Elliot Abrams, ex consigliere personale del presidente USA Ronald Regan, ma anche assistente speciale di George Bush, ha parlato sulle pagine di Libero dalla situazione in cui si trovano Putin, la Russia, l’Ucraina e la guerra dopo la rivolta, fallita, della Wagner. Il suo giudizio è chiaro e conciso, e pensa che lo Zar, “dopo lo schiaffo di Prigozhin punterà ad inasprire il conflitto con Kiev“, circostanza a cui l’occidente dovrebbe porre attenzione.
Secondo Abrams, infatti, dopo la ribellione “non vi è dubbio che [Putin] ne esca più debole. Non fosse altro che per le modalità con cui l’esercito dei mercenari ha potuto agire, avanzando per parecchie centinaia di chilometri, senza incontrare una particolare reazione”. Sostiene, infatti, che “un’azione come quella non s’improvvisa da in un giorno” e non si riesce a capire “come abbiano fatto i funzionari dell’intelligence russa a non accorgersene”. Ma l’aspetto negativo secondo Abrams è che “l’attuale debolezza di Putin [rappresenta] un elemento di grave pericolo per l’Ucraina” perché lo zar “sarà mano disposto ad aprire un tavolo di negoziazione, per paura che lo faccia apparire ancora più debole”.

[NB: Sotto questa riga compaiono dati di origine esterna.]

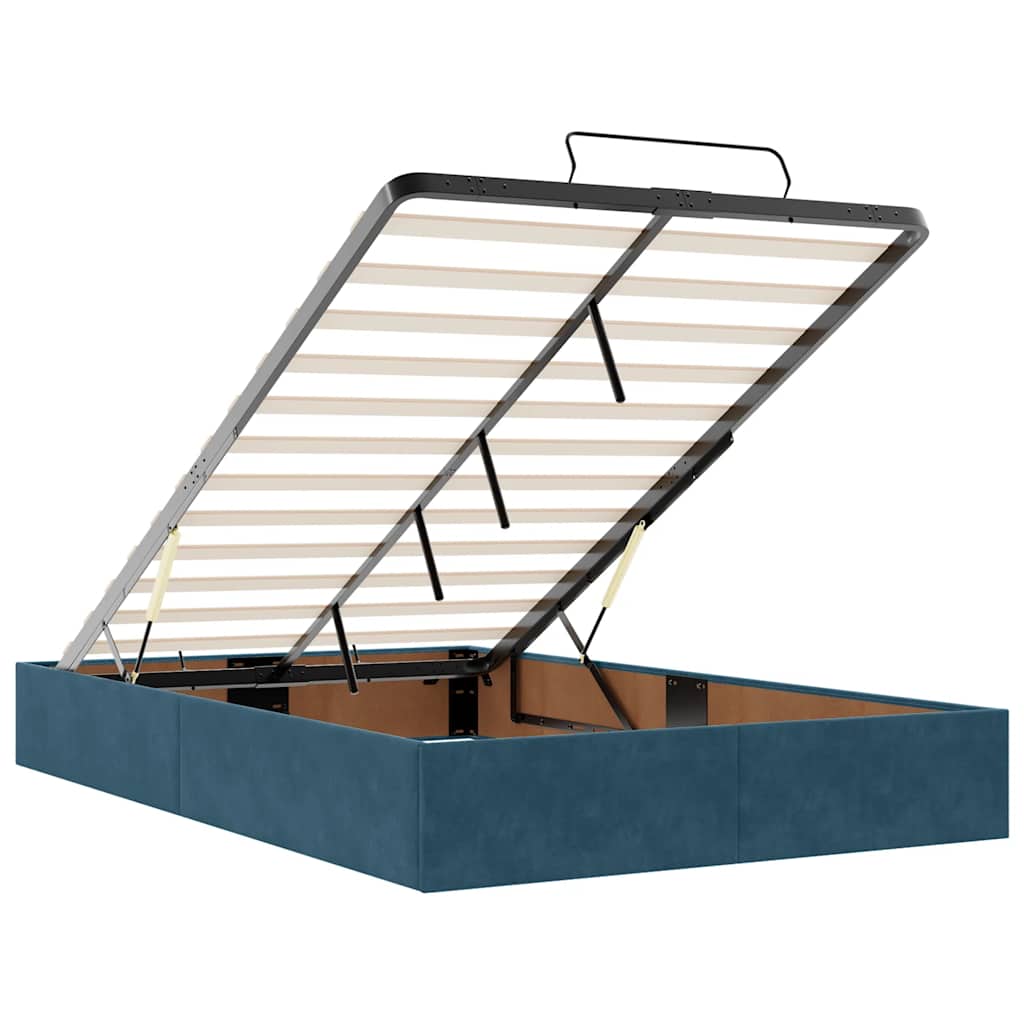 Cadre de lit ottoman avec matelas bleu foncé 120x200 cm velours - XIOS
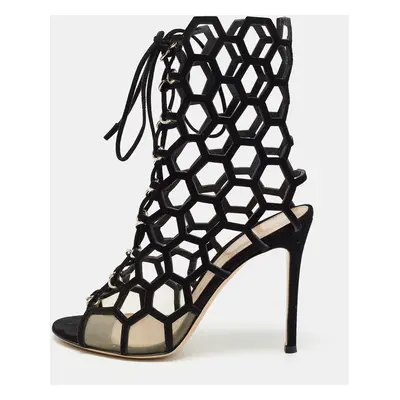 Gianvito Rossi Black Suede and Mesh Cut Out Sandals Size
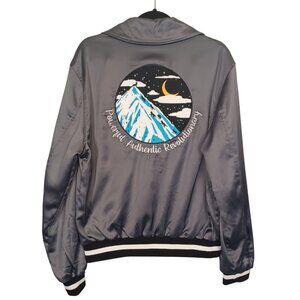 WEIV Embroidered Satin Bomber Jacket Gray Mountain Graphic Back Long Sleeve Men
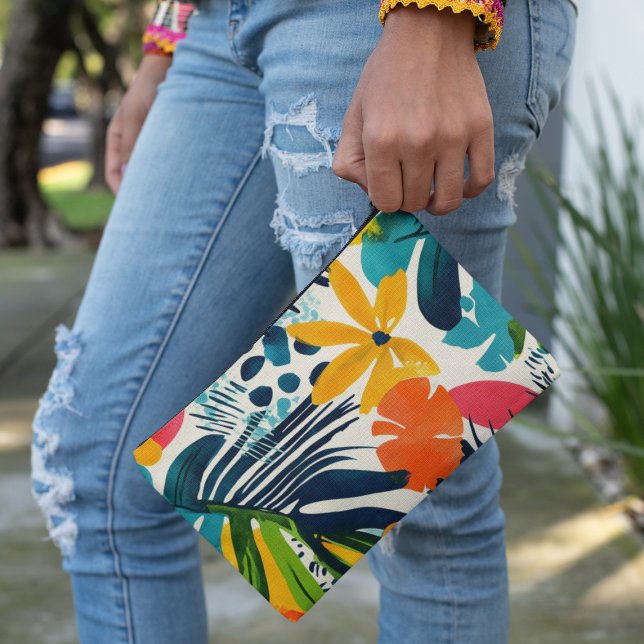 Pochette À Accessoires Motif Abstrait Tropical Ziphed Pouch (Créateur téléchargé)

Abrams: “Putin non ricorrerà all’atomica”
Di un’altra cosa è certo Abrams, ovvero che nonostante quanto accaduto in Russia a Putin, “la guerra continuerà” ed ora, più che mai, il sostegno occidentale “deve assolutamente cambiare marcia”. Ritiene, infatti, che se ora il conflitto è in stallo, “è il risultato finale di un aiuto parziale fornito alle forze ucraine“, sostegni che “continuano ad essere consegnati con grande ritardo“. Non solo, perché ora gli aiuti e le armi devono essere “più sofisticati“, oltre che venir consegnati “con maggiore solerzia”.
Tuttavia, una nota positiva nel pensiero di Abrams su Putin c’è. Se, infatti, lo zar ora è più pericoloso, non ci sarebbe pericolo di un ricorso agli armamenti nucleari. Spiega, infatti, che il leader russo “non è per nulla pazzo. Ha soltanto un obiettivo: la sopravvivenza del suo regime e la salvaguardia del suo potere” e quasi sicuramente “una guerra totale gli porterebbe via tutto“. Concludendo, infine, con un ragionamento sul ruolo della Cina, Abrams spiega che “non ci sono interessi cinesi diretti in questa guerra”, e l’atteggiamento di Xi Jinping “dipende dal legame personale che si è creato con Putin”.